透過率(%)={(透過光の波長300~800nmにおける全光量)/(ベースラインの波長300~800nmにおける全光量)}×100
光吸収層に関しては、支持部材及び光吸収層を有する積層体の透過率を、支持部材側に配置されたキセノンランプからの光によって測定した。光吸収層に入射する光の光量を、ベースライン及び支持部材の透過率から算出し、これに対する透過光の光量の割合を、光吸収層の透過率とした。
【0087】
1-4.剥離試験
各支持部材上に形成された光吸収層上に、40mm×40mmのサイズに切り出した硬化性樹脂層を配置した。
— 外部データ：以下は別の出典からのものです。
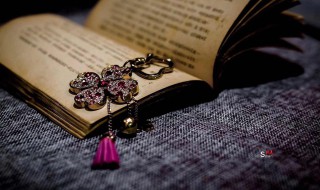 其臭如兰的臭是什么意思 其臭如兰的臭怎么解释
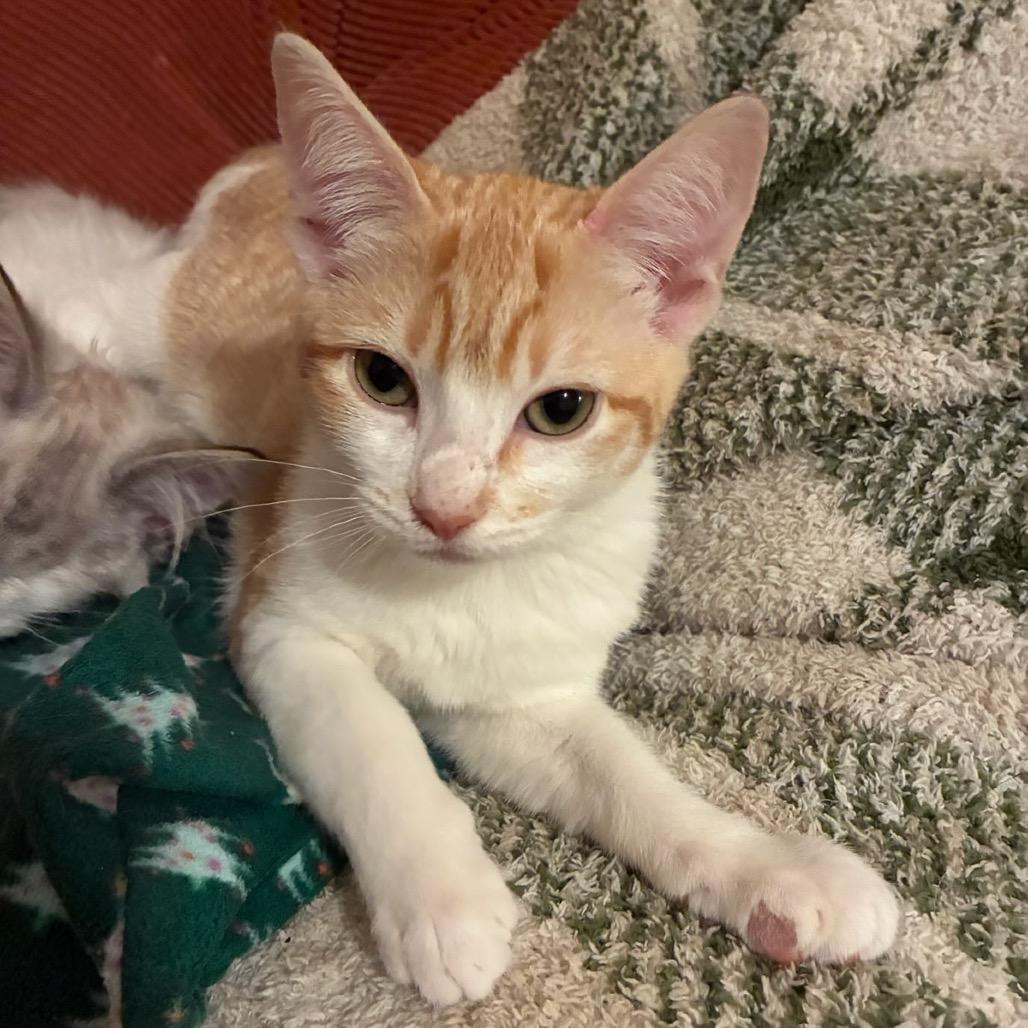 Enlarge Aurora, a Adoptable Domestic Short Hair in Pacific Grove, CA image 5/6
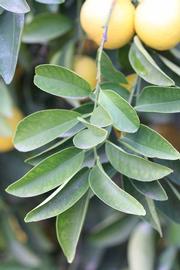            Sun leaves (Goutoucheng, Riverside, CA)   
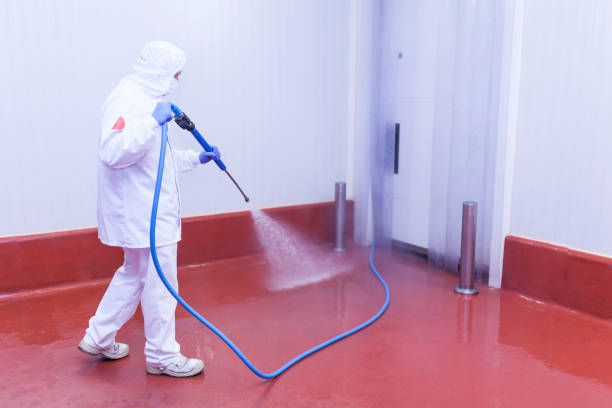 Best Oil Spill Cleanup  in Anchor Point, AK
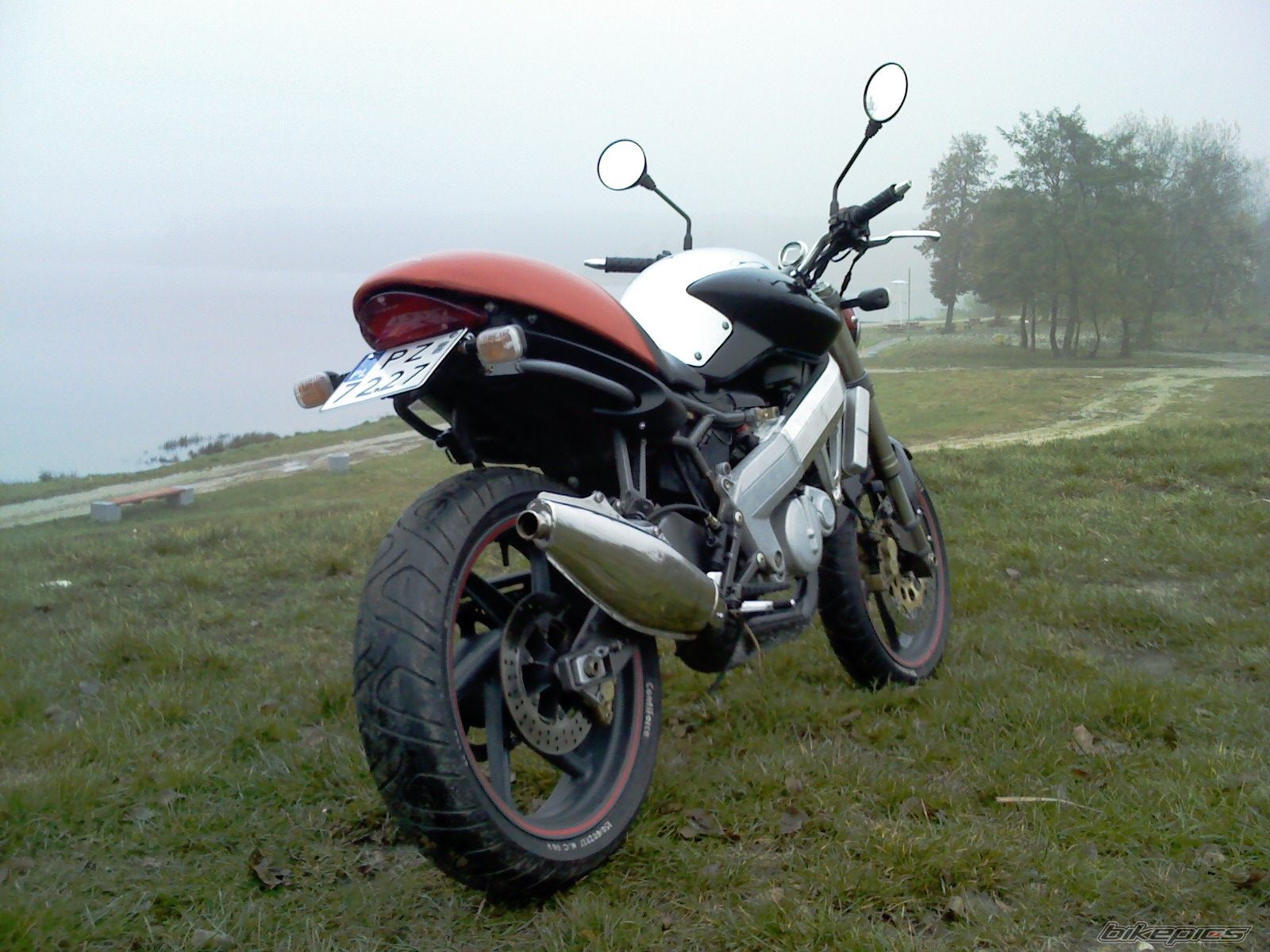 Photo 1824385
真空ラミネートによって光吸収層に硬化性樹脂層を密着させて、支持部材/光吸収層/硬化性樹脂層の積層構成を有する仮固定用積層体を得た。仮固定用積層体の硬化性樹脂層上に、半導体チップ(サイズ:10mm×10mm、厚み:150μm)を配置した。180℃で1時間の加熱により硬化性樹脂層を硬化させて、支持部材に対して仮固定された半導体チップを有する剥離試験用の試験体を得た。
【0088】
各試験体に対して、仮固定用積層体の支持部材側から、キセノンランプでパルス光を照射した。光の照射条件は以下のとおりである。キセノンランプとして、Xenon社製のS2300を用いた。この装置の波長範囲は270nm~近赤外領域である。照射距離は、光源であるキセノンランプと支持部材との間の距離である。
・印加電圧:3700V
・パルス幅:200μs
・照射距離:50mm
・照射回数:1回
・照射時間:200μs
キセノンランプによる光照射の後、試験体の状態を観察し、以下の基準で剥離性を評価した。表1に評価結果が示される。
A:半導体チップが光照射だけで仮固定用積層体から自然に剥離した、又は、半導体チップと硬化性樹脂層との間にピンセットを差し込むことによって、半導体チップが、破損することなく仮固定用積層体から剥離した。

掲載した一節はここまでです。